* TASK BRIEF
Give the data below again exactly as it stands. Omit the pictures.

* DATA BLOCK
-- -- --
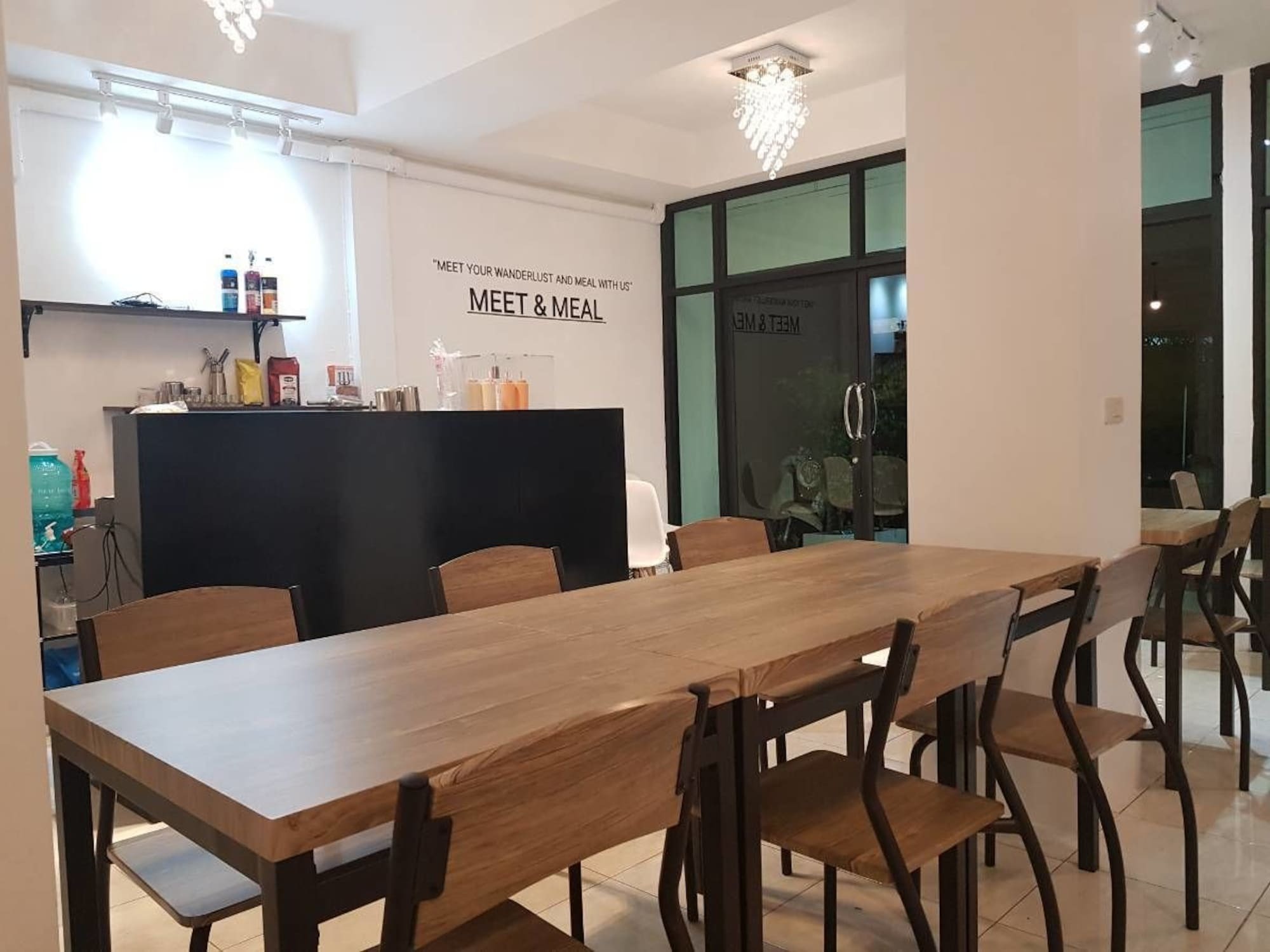 Meet & Meal Vandrehjem Bangkok Eksteriør billede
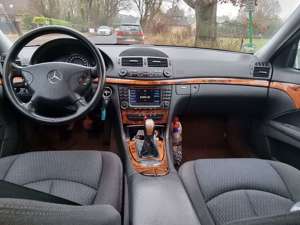 Mercedes-Benz E 200 CDI Elegance Bild 4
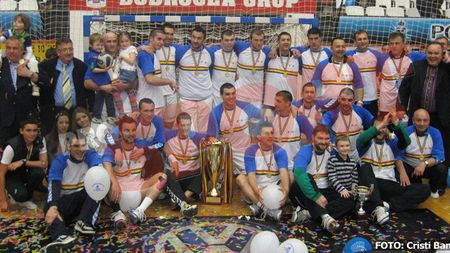 HCM vs restul lumii!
-- -- --
* EXERCISE RESPONSE
 Meet & Meal Vandrehjem Bangkok Eksteriør billede
 Mercedes-Benz E 200 CDI Elegance Bild 4
 HCM vs restul lumii!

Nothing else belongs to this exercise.